- _RECORDS_:
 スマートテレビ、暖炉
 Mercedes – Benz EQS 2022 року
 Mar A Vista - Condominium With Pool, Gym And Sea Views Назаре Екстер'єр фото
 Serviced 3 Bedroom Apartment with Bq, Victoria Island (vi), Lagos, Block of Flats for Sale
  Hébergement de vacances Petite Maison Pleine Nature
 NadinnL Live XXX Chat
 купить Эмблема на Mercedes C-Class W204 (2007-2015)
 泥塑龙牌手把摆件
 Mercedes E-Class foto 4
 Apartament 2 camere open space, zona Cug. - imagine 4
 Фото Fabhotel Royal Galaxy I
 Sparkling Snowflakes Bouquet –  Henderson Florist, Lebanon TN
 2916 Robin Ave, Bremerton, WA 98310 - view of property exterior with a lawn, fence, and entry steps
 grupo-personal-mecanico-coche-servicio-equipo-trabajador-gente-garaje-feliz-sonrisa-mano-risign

- _ASSIGNMENT_: Report every line in the listing that holds the word "Class".

- _PROBLEM SOLUTION_:
 купить Эмблема на Mercedes C-Class W204 (2007-2015)
 Mercedes E-Class foto 4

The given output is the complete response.